The other day I wrote about 17 reasons why I brought a Motorhome. I thought it would might be fun to share a bit of information about who we are!
Here we will share a bit of who David and Lisa are and about their Woody family. Note that this is about our family, and what we have discovered on our journey of living a simple lifestyle. Our boys will be shared, but not with their names!
Our woody family!
27 Things You Dont Know About Us!
1. We already had our first baby boy when we got married over 16 years ago!

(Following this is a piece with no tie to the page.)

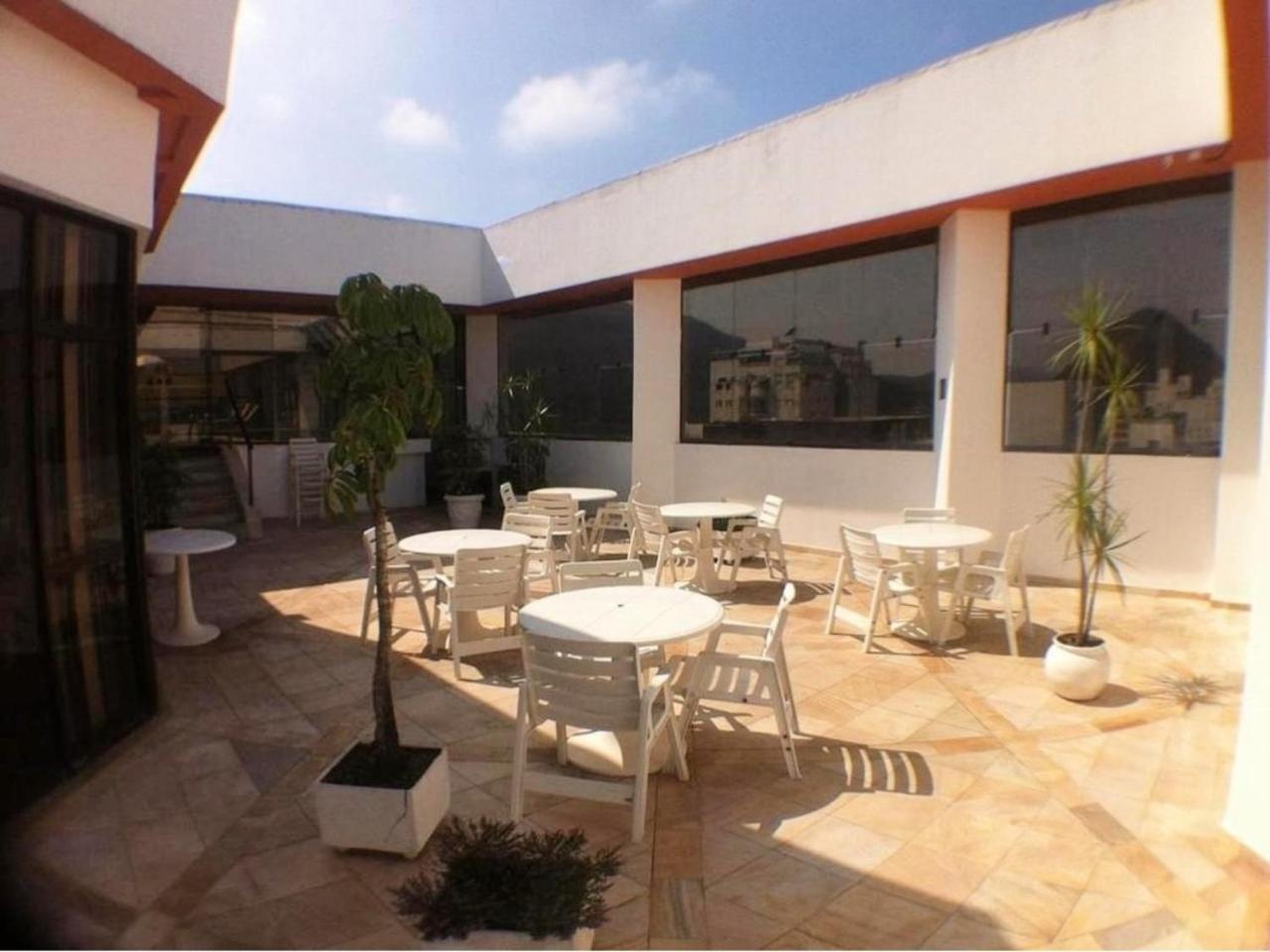 Flat Service Pitangueiras Com Vista Mar Guarujá Zewnętrze zdjęcie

2. We wanted six children when we got married! But that was before our first son could walk n talk. We also thought that we would have a mixture of girls and boys. We settled for five children instead.
3. I have no Patience what so ever. It’s something that I have to work on every day. It’s also something that I am trying to change. So that my boys can learn about being more understanding!
4. I hate cooking. I will cook if I have to but I prefer David to Cook. He makes the most amazing meals from scratch, so healthy and so tasty. I prefer to clean the kitchen as he is not into cleaning!
5. With one of my babies I had really bad Post-natal depression. It was so severe that I needed medical treatment and had 12 weeks of counselling. Looking back on those dark days, I am so surprised that we all came out of it alive 🙂
6. I say things (or write things) before I think. Unfortunately I have the most annoying habit of rushing ahead and then thinking about it later, trying so hard to work on that!
Travel Australia with our crazy boys is now my mission in life!
7. I am a cleaning freak. Well I used to be – I am trying not to be! Living with five boys plus one hubby means that I have a lot to clean up after. So glad we only have a small space for them to trash and me to clean!
8. I am extremely shy. It takes so much for me to get out of my comfort zone and say Hi to someone I don’t know! That is why I love blogging – I can blog and connect with others online easily! Unfortunately one of our sons is heading down the same path so we are trying to work out how he has to come out of his comfort zone!
9. Our Boys fight. They scream and are very physical towards each other. We are trying to change that by Living A Simple Lifestyle and by showing our boys that they really need each other as friends!
10. David and I don’t always see eye to eye. Actually we are the extreme opposite – he double questions everything, while I jump in with both feet and then think about it afterwards.
11. David and I have to work on our marriage. There are many times that I could have easily walked away – easily have left him with all of our boys. Not something that I am proud of but it’s the truth.
12. I am no good at this parenting job! It’s bloody hard work but I Love My Boys – more than life itself. Through them I am learning more than I ever thought possible. Through homeschooling, lifestyle changes, mindset changes and living a simple life, I am learning how to be a better parent.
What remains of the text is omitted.